The Mudcat Café TM
Thread #100473   Message #2021027
Posted By: Joe Offer
09-Apr-07 - 10:45 PM
Thread Name: BS: Have you changed your religious views?
Subject: RE: BS: Have you changed your religious views?
I was raised Catholic and went to Catholic school, and then went off to the seminary in ninth grade, at the age of 13. I spent eight years in seminary, and loved it. I changed from a shy, pious, quiet person to a 60's radical. I left the seminary to get married, but I've worked in the Catholic Church ever since - usually as a volunteer, and sometimes as an employee.

I guess since college, I've always considered myself part of the "loyal opposition" in the Catholic Church - some outsiders and some fundamentalist Catholics might not consider me Catholic, but I'm well within the mainstream. My theology is consistent with what you'd find in the Theology departments of most of the established Catholic universities.
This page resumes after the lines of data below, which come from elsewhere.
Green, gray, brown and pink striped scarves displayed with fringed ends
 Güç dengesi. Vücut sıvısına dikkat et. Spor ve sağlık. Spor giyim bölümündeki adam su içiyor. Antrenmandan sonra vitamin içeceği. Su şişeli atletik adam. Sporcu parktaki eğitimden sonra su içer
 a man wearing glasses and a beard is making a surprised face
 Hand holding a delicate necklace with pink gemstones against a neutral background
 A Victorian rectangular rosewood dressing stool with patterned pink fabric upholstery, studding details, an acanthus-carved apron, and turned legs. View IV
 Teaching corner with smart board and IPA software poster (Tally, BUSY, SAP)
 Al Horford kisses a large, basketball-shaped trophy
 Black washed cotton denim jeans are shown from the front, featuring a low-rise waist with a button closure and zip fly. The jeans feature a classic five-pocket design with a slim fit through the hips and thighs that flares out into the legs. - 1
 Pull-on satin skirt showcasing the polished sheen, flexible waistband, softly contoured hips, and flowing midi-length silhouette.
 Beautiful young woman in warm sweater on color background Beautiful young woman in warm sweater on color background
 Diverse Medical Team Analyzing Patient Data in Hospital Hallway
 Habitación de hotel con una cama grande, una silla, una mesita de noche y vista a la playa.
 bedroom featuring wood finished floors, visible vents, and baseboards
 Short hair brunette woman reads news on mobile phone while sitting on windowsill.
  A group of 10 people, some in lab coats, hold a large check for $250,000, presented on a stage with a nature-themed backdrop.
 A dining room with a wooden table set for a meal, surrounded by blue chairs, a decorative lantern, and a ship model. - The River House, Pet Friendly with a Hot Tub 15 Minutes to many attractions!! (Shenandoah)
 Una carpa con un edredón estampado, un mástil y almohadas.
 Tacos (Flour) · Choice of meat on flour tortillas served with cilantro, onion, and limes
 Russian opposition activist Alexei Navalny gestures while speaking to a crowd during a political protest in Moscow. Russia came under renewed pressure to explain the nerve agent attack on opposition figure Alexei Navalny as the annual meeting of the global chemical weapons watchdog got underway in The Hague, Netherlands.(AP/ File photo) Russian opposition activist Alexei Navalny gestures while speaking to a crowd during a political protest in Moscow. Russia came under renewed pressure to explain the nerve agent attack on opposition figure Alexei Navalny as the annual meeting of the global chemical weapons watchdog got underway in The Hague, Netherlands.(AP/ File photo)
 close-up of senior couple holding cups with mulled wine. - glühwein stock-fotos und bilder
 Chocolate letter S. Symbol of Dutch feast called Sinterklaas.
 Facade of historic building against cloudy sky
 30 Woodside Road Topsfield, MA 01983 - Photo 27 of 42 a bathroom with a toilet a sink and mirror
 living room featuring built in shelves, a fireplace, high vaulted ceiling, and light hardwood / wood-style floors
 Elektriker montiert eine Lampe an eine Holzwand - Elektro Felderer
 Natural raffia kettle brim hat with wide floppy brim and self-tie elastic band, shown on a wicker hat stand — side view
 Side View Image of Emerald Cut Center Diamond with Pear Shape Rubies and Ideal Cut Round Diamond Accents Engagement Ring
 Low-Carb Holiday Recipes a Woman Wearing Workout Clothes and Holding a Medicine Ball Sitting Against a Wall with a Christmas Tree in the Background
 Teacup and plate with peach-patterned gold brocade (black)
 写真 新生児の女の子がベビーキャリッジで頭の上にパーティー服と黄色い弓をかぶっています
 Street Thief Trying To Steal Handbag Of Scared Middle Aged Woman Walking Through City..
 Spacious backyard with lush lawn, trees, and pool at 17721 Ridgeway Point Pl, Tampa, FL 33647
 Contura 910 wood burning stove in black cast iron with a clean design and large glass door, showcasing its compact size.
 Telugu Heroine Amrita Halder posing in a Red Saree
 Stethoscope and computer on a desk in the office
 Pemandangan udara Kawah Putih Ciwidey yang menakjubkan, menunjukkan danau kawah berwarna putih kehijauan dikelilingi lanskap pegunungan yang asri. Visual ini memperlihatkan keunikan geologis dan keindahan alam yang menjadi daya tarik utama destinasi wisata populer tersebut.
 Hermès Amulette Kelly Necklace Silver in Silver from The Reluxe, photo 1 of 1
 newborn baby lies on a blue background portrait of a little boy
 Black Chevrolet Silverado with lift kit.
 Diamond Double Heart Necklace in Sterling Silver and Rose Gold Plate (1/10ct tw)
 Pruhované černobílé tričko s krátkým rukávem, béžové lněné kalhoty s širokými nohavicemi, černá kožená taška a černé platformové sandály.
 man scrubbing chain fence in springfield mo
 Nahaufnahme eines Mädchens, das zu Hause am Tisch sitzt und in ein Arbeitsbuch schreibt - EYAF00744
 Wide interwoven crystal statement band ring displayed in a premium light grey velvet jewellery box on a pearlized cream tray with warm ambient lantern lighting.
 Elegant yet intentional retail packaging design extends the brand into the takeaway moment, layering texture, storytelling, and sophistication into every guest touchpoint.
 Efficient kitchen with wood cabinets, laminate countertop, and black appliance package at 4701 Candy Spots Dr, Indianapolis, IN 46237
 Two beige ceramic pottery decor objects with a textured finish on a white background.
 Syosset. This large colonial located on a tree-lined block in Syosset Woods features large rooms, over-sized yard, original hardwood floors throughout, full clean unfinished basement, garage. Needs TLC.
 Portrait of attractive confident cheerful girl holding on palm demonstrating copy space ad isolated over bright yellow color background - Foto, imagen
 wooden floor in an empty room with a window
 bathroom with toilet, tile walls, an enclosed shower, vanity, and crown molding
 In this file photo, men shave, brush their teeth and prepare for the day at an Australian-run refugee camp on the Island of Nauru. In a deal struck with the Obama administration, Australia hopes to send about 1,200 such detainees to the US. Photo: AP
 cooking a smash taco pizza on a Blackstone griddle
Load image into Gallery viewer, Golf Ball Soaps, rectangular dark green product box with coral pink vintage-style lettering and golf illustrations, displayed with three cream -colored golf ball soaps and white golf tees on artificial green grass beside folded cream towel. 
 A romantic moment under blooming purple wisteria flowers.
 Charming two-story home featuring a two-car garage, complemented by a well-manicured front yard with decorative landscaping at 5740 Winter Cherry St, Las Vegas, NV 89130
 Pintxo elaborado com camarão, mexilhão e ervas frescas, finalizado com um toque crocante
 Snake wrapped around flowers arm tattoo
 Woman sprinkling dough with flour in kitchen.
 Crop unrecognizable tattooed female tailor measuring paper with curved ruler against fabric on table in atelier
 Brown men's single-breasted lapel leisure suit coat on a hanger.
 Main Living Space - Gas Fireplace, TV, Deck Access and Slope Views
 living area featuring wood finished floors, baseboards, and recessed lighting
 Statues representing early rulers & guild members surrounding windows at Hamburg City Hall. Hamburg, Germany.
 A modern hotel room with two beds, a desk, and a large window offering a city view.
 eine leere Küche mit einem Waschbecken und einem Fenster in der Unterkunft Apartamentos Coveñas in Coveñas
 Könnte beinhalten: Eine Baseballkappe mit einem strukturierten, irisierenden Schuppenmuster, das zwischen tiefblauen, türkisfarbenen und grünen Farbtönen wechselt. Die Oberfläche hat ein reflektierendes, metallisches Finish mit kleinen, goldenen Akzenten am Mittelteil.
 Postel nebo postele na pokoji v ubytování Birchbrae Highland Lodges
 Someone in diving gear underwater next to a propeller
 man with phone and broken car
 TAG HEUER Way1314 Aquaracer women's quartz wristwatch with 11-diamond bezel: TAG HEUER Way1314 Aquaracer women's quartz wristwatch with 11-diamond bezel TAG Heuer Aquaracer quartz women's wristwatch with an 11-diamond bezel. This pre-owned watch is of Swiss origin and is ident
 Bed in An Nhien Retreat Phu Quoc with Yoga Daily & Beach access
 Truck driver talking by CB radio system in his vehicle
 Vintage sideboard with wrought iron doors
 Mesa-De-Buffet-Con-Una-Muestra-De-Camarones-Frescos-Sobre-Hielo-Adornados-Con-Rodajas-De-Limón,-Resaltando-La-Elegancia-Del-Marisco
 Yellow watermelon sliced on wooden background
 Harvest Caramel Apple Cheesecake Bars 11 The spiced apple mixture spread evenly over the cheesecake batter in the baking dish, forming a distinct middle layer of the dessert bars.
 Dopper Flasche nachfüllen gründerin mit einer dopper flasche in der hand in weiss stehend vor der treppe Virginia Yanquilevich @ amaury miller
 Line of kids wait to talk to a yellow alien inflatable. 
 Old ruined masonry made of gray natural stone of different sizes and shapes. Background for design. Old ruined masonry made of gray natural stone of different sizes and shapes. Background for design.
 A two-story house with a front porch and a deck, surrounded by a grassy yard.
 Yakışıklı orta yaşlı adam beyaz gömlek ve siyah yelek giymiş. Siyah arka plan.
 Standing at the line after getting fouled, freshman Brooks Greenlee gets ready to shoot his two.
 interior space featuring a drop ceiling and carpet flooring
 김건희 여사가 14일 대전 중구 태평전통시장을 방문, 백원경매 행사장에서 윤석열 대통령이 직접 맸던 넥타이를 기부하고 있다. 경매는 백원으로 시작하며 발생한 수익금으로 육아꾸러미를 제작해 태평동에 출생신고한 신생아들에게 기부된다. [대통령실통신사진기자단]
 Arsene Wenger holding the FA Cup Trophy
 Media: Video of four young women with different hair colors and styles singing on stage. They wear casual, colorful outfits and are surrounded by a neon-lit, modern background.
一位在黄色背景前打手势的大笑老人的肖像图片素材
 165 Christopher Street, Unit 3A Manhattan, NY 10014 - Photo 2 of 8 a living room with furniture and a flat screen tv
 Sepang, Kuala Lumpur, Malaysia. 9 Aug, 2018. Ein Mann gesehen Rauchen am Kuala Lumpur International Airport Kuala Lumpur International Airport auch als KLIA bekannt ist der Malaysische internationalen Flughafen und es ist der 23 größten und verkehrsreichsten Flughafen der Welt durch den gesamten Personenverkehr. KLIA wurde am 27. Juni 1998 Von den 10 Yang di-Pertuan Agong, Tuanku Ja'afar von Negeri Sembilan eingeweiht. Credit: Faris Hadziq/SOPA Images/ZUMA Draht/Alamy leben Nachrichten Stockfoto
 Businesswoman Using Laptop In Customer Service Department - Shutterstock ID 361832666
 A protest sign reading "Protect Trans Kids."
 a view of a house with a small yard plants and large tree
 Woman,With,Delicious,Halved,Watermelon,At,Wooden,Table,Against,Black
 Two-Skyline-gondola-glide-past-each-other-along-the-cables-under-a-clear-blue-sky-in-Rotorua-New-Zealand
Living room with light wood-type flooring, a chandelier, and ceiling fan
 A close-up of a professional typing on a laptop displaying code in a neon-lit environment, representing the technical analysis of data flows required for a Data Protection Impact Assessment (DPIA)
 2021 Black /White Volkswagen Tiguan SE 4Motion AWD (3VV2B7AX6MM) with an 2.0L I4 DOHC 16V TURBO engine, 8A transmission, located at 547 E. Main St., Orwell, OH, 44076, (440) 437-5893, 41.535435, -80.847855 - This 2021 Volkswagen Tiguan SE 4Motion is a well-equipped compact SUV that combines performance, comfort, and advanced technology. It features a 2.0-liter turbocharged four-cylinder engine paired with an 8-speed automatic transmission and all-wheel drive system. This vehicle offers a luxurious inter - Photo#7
I'd like to see married women priests and an easier home for homosexuals in the Catholic Church, and I'd like to see a less combative opposition to abortion and an openness to birth control and to remarriage after divorce. Lots of Catholic priests and nuns (and a fair number of bishops) would like to see the same. Outsiders see the Catholic Church as monolithic in authority and doctrine, but it has never been that way - there has always been discussion, disagreement, and growth.

In general, I'm happy being a Catholic and see it as a good context for my spirituality, my study, and my work with the poor. The pope and even my local bishop have very little to do with my life as a Catholic, although the institutional Church does provide a culture and facilities and resources (like the schools I attended for 16 years). I've never, ever thought I had any need to obey the Pope. I've always thought if was every bit as much my church as it is his. And if my church has flaws, then I feel an obligation to do what I can to fix them.

As I've grown older, I think I've become somewhat less doctrinaire in my liberalism, and somewhat more able to tolerate conservatives. And since I went through a sad divorce in the early 1990's, I've found that I no longer had to try to be a religious person. It's hard to say this to people who won't believe it, but I've felt a constant, comfortable Presence of God with me since then. It's not a chit-chat sort of thing and I don't see anything other people don't see, but I do see God's action and presence in the life that surrounds me and that is within me. I'm not heavy on doctrine, but Jesus makes a lot of sense to me. But I'm hesitant to say that, because this is something that is sacred to me. I don't care to preach to unbelievers, or to force my faith on my children or on anybody else - but I do hope that they see something good in the way I live, and that perhaps people see that my faith gives deep meaning to my life.

And fundamentalists hate people like me, more than they hate atheists. I have always tried my best to tolerate people who have other beliefs, but I have to say that it has always been hard for me to accept and understand the rigidity of fundamentalism.